A complete walkthrough: from a raw CSV to a trained, saved model — using only Vllama.

Overview¶

raw_data.csv
     ↓
vllama data     → cleaned data + visualizations
     ↓
vllama train    → 9 trained models + leaderboard + best_model.pkl
     ↓
results/report.html

Example Dataset¶

We'll use the classic Titanic survival dataset to demonstrate.

# Download the dataset
curl -O https://raw.githubusercontent.com/datasciencedojo/datasets/master/titanic.csv

Step 1: Preprocess the Data¶

vllama data --path titanic.csv --target Survived --test_size 0.2

What Vllama does automatically:

Detects Survived is a binary classification target
Drops irrelevant columns (Name, Ticket, Cabin)
Fills missing Age values using KNN imputation
Encodes Sex and Embarked as numeric features
Scales numeric features
Splits into 80% train / 20% test

After it finishes, you'll see something like:

✓ Loaded dataset: 891 rows × 12 columns
✓ Removed duplicates: 0
✓ Handled missing values: Age (177), Cabin (687), Embarked (2)
✓ Encoded categoricals: Sex, Embarked
✓ Scaled features: Age, Fare, SibSp, Parch
✓ Feature selection: removed 2 low-variance features
✓ Saved train/test split to: output_folder_20240101_120000/

Step 2: Train All Models¶

# Use the folder name printed in Step 1
vllama train --path ./output_folder_20240101_120000 --target Survived

Vllama trains all 9 classification models (each with hyperparameter tuning via RandomizedSearchCV):

Logistic Regression
Random Forest
XGBoost
LightGBM
CatBoost
SVM
KNN
MLP
Naive Bayes

This takes a few minutes depending on your machine.

Step 3: Review Results¶

Open the generated report:

# macOS
open results/report.html

# Linux
xdg-open results/report.html

# Windows
start results/report.html

The report contains:

Leaderboard — all models ranked by accuracy / F1
Per-model metrics — precision, recall, AUC, confusion matrices
Best model — highlighted at the top

You can also check the leaderboard in the terminal:

cat results/model_summary.csv

Step 4: Use the Best Model¶

import joblib
import pandas as pd

# Load the best model
model = joblib.load("results/best_model.pkl")

# Predict on new data
new_data = pd.DataFrame({
    "Pclass": [3], "Sex": [1], "Age": [22],
    "SibSp": [1], "Parch": [0], "Fare": [7.25]
})
prediction = model.predict(new_data)
print("Survived:", prediction[0])

Tips¶

On a small dataset (< 1000 rows)?

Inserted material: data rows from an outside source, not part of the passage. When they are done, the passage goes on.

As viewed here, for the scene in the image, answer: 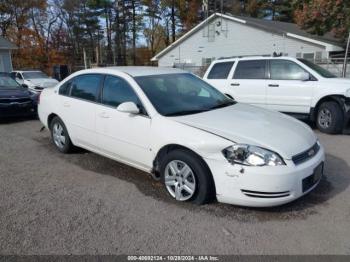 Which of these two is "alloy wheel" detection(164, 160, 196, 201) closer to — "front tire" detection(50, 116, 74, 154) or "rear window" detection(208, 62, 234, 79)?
"front tire" detection(50, 116, 74, 154)

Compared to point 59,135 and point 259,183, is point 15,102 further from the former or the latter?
point 259,183

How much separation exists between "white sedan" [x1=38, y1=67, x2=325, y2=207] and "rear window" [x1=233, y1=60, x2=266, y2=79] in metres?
3.62

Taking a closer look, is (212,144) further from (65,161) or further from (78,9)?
(78,9)

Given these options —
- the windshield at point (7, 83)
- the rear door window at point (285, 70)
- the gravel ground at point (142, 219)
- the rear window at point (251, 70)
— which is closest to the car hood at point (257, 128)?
the gravel ground at point (142, 219)

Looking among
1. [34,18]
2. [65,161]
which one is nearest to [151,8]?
[34,18]

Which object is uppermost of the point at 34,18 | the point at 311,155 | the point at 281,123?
the point at 34,18

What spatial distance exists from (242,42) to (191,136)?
22822 millimetres

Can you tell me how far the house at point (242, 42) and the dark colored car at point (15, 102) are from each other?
15058 mm

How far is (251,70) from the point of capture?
28.3ft

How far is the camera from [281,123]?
422cm

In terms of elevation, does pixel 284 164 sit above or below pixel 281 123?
below

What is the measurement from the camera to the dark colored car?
9398 mm

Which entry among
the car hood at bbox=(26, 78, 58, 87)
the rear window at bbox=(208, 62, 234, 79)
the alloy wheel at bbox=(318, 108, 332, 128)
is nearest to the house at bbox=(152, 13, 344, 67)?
the car hood at bbox=(26, 78, 58, 87)

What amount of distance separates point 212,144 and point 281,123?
1126 mm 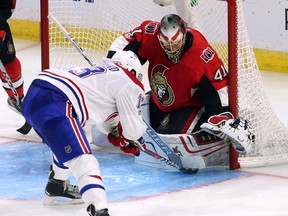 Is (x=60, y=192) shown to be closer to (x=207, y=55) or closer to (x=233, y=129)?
(x=233, y=129)

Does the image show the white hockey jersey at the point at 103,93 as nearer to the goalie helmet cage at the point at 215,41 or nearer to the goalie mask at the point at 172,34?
the goalie mask at the point at 172,34

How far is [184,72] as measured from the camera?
15.2 feet

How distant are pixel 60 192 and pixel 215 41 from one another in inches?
58.4

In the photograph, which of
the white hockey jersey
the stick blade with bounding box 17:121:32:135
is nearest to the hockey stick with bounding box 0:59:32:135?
the stick blade with bounding box 17:121:32:135

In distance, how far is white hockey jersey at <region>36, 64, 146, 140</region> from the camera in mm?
3936

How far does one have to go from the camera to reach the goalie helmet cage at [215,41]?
4.65 metres

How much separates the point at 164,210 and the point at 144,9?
223 cm

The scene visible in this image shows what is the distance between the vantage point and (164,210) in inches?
160

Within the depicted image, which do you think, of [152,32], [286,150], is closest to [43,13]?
[152,32]

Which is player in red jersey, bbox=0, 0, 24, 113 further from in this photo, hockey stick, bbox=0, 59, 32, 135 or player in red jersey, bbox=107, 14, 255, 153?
player in red jersey, bbox=107, 14, 255, 153

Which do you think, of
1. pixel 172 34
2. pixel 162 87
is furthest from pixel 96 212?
pixel 162 87

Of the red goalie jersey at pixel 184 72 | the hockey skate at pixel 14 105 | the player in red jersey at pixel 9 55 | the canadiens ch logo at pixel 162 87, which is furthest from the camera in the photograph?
the hockey skate at pixel 14 105

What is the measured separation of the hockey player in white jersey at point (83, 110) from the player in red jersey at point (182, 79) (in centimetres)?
51

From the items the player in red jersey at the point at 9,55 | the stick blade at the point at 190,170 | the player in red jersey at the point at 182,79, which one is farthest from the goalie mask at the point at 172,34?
the player in red jersey at the point at 9,55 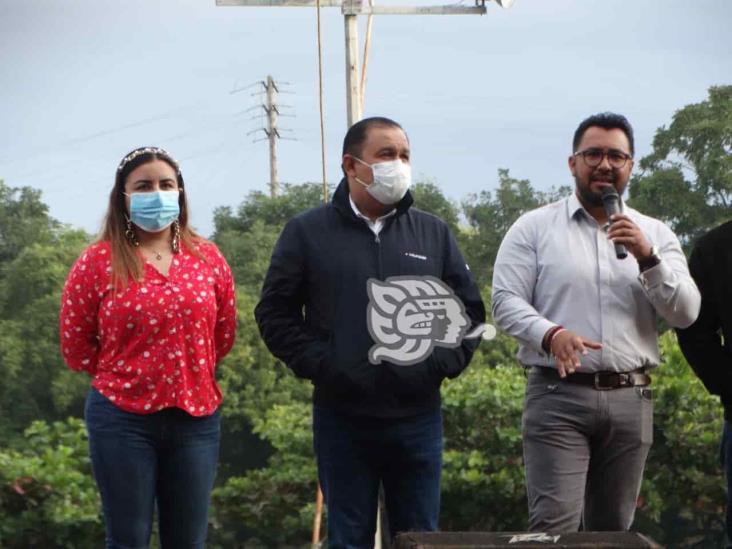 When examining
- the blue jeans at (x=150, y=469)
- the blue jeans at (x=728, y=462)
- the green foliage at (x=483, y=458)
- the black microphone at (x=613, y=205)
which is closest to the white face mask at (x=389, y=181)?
the black microphone at (x=613, y=205)

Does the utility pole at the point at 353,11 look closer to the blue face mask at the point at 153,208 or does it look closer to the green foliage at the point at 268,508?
the green foliage at the point at 268,508

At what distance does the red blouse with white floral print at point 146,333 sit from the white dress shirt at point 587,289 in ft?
3.27

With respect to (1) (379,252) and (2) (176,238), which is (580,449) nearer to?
(1) (379,252)

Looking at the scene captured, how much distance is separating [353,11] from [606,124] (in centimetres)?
830

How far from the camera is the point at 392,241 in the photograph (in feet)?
13.7

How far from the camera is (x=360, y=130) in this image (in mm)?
4281

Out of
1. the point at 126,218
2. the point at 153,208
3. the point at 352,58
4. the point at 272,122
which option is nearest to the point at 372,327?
the point at 153,208

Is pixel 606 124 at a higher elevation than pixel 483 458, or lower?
higher

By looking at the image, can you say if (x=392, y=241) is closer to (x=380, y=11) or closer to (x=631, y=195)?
(x=380, y=11)

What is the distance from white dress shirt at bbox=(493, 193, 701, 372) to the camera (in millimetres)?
4285

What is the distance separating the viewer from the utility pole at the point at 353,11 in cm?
1147

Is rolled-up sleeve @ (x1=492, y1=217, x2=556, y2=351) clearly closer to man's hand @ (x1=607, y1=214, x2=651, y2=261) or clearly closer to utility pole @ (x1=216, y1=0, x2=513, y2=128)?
man's hand @ (x1=607, y1=214, x2=651, y2=261)

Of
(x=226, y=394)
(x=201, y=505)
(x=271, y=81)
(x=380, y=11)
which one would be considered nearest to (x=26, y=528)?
(x=201, y=505)

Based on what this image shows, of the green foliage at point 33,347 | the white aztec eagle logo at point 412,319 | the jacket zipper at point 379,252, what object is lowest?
the white aztec eagle logo at point 412,319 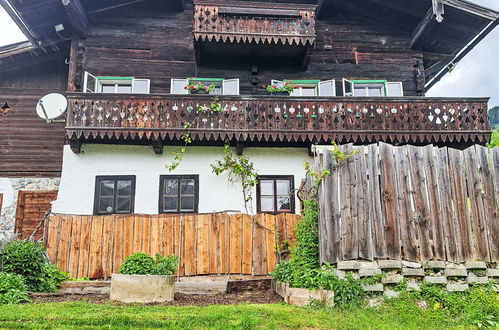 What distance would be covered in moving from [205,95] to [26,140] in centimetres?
737

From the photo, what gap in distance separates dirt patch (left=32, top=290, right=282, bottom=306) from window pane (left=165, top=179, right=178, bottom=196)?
18.6ft

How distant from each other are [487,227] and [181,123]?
32.3ft

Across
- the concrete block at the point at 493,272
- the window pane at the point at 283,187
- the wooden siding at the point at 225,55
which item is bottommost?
the concrete block at the point at 493,272

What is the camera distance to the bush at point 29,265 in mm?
9859

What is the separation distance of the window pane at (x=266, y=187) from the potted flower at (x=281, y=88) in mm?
3457

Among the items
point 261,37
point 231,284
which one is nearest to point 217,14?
point 261,37

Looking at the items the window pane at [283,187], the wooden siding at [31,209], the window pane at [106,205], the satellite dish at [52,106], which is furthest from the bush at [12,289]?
the window pane at [283,187]

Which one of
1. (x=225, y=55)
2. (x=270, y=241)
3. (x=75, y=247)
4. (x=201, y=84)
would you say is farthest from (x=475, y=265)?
(x=225, y=55)

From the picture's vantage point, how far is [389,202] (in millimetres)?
7504

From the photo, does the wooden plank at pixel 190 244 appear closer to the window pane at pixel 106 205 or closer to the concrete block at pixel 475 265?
the window pane at pixel 106 205

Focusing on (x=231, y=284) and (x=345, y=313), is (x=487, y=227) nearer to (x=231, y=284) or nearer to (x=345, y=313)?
(x=345, y=313)

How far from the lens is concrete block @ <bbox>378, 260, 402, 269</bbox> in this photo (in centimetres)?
711

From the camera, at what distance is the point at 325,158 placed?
7.88m

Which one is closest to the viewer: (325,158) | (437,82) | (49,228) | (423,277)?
(423,277) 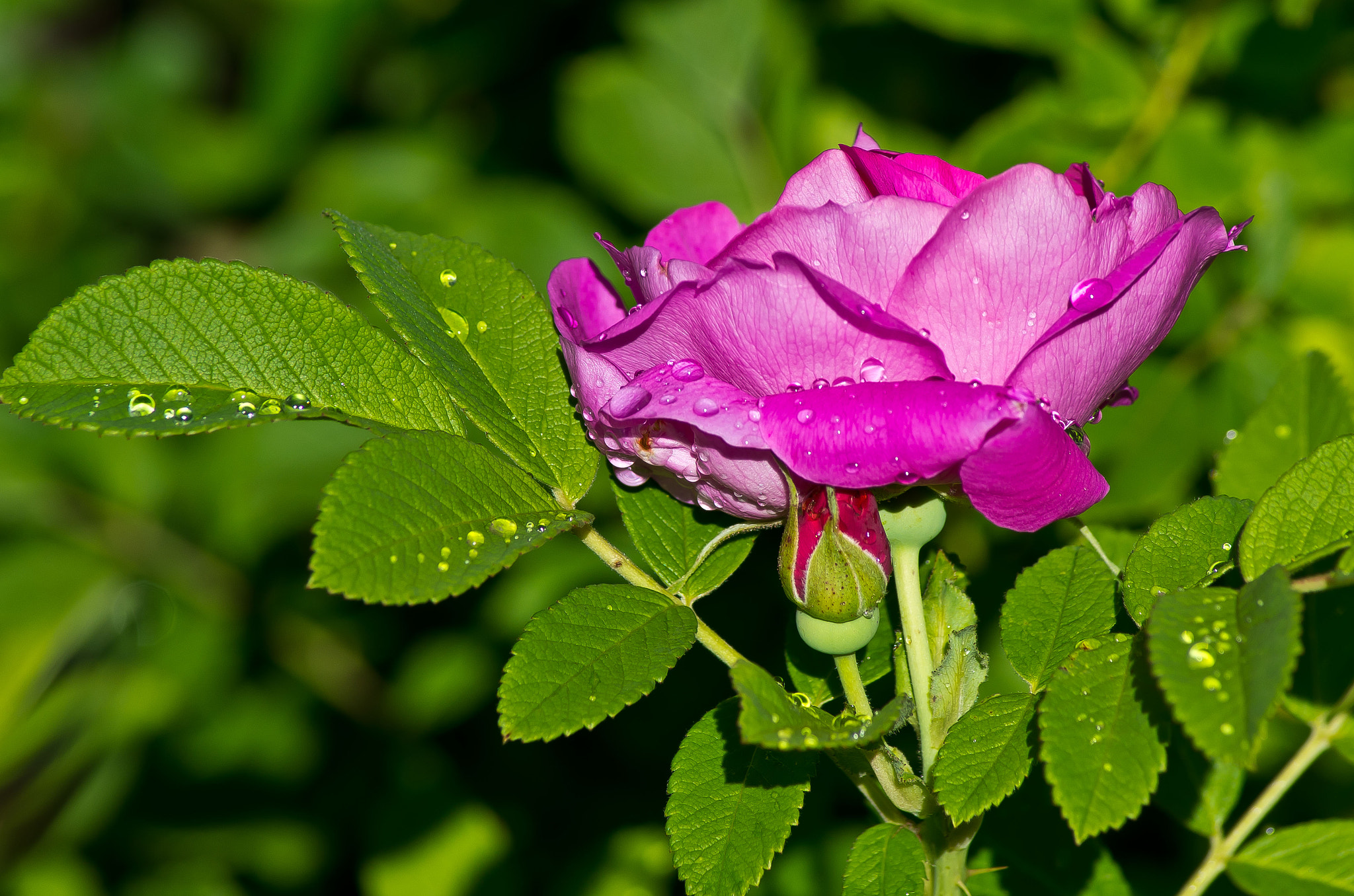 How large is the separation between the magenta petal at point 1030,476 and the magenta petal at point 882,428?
0.5 inches

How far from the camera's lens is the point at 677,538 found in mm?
1116

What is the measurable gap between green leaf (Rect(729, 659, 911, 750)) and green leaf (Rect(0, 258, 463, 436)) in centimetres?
39

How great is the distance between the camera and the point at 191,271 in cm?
105

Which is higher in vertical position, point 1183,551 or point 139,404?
point 139,404

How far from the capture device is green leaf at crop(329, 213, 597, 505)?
105 cm

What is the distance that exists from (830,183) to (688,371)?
7.8 inches

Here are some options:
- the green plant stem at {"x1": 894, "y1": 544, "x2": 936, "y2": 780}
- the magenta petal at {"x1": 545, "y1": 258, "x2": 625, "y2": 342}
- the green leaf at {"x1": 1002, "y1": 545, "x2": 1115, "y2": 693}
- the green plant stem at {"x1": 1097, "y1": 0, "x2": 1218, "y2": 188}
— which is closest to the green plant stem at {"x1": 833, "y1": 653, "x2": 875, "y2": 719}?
the green plant stem at {"x1": 894, "y1": 544, "x2": 936, "y2": 780}

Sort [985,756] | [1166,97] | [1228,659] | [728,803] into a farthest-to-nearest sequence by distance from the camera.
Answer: [1166,97], [728,803], [985,756], [1228,659]

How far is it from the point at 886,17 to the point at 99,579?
2.20 m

Training finishes in under a minute. Larger datasets (50k+ rows) may take 10–20 minutes due to hyperparameter search.

Getting a bad best model score? Check the visualizations in output_folder_*/visualizations/ — the correlation matrix and mutual information plots can tell you if features are informative.

Want to reproduce the preprocessing later? transformation_metadata.json in the output folder stores all encoders and scalers. You can load them to preprocess new inference data the same way.